What is it that we love about sport? What makes us watch that same art being executed over and over again, year after year? This summer’s sporting activity provided the answers to the questions. There were achievements of unsurpassed endeavour, mixed in with the disappointment of devastating new lows, at times set up against a back drop of controversy and rumours. Everyone loves a rumour, yet there is something so much sweeter in witnessing history in the making right in front of your eyes.
At the World Championships in Berlin, Usain Bolt stunned the world, as he crossed the finishing line strides ahead of his opponents and raised his arms horizontally, you would have been forgiven for thinking that he was about to take off; off the face of the earth where us mere mortals can barely tie our laces in 9.58s, let alone run 100 metres.
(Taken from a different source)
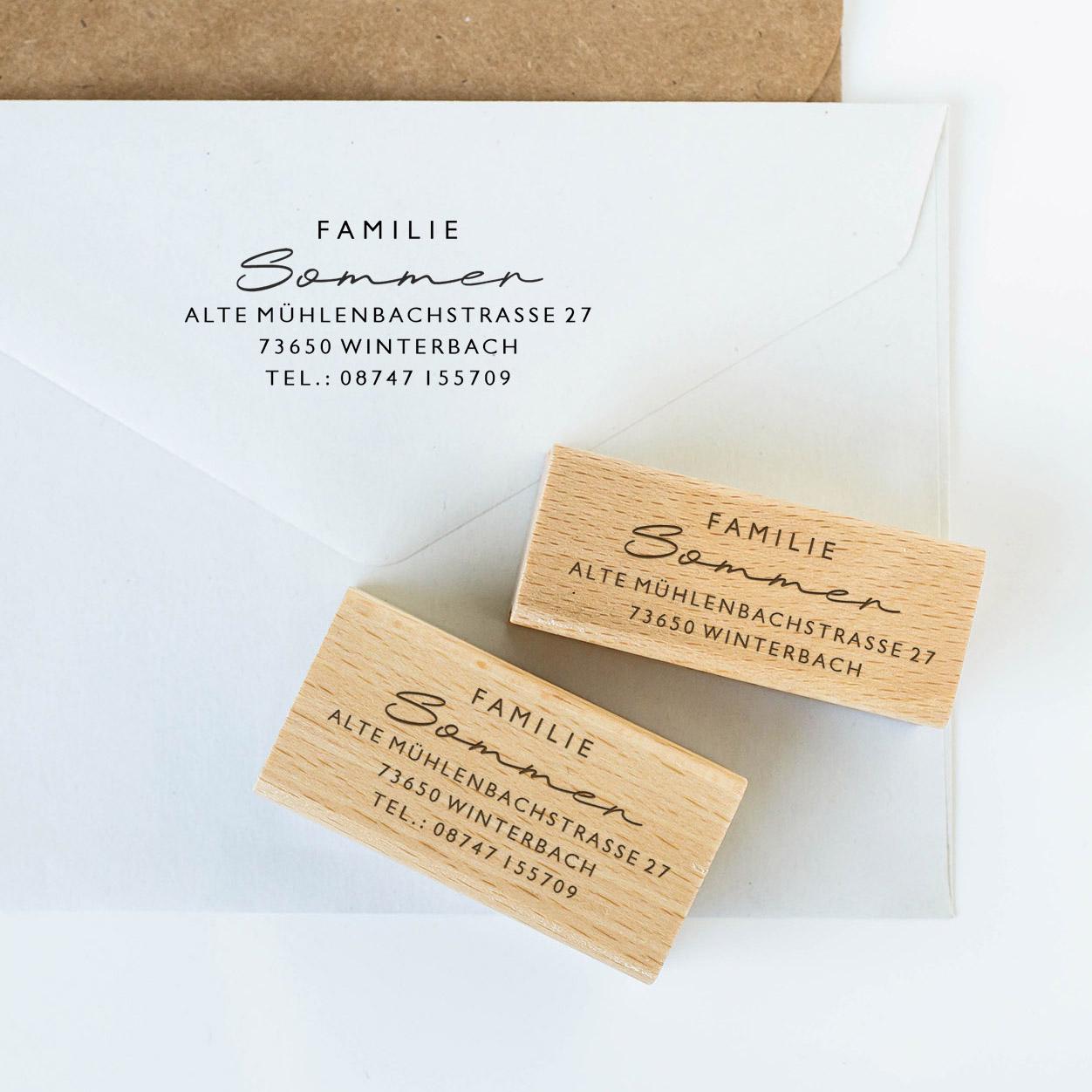 Adressstempel 10, Textstempel mit Adresse,  Stempel mit Namen und Adresse, personalisiert, Geschenk, Stempel Name, Namensstempel HS001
The 0.11s that he not just shaved, but sawed off his previous best of 9.69s was the greatest improvement in the 100m record since electronic timing began in 1968. His trademark celebration of pointing to the stars is quite indicative of what he has become. The man is truly light years ahead of his time, and really raised the bar in terms of what can be achieved by sportsmen or women who are not merely gifted, but are prepared to dare to aim high.
As Bolt’s flame died down, Caster Semenya’s gender row continued to cause controversy well after the Championships’ end. Having taken 800m Gold, she was subjected to a gender test, to determine whether in fact she was indeed a woman. The rate at which she was improving was stark. Eyebrows were raised with a staggering improvement of eight seconds on her previous personal best and an unbelievable twenty seconds off her 1500m the year before the World Championships. Plausible for a girl of nineteen?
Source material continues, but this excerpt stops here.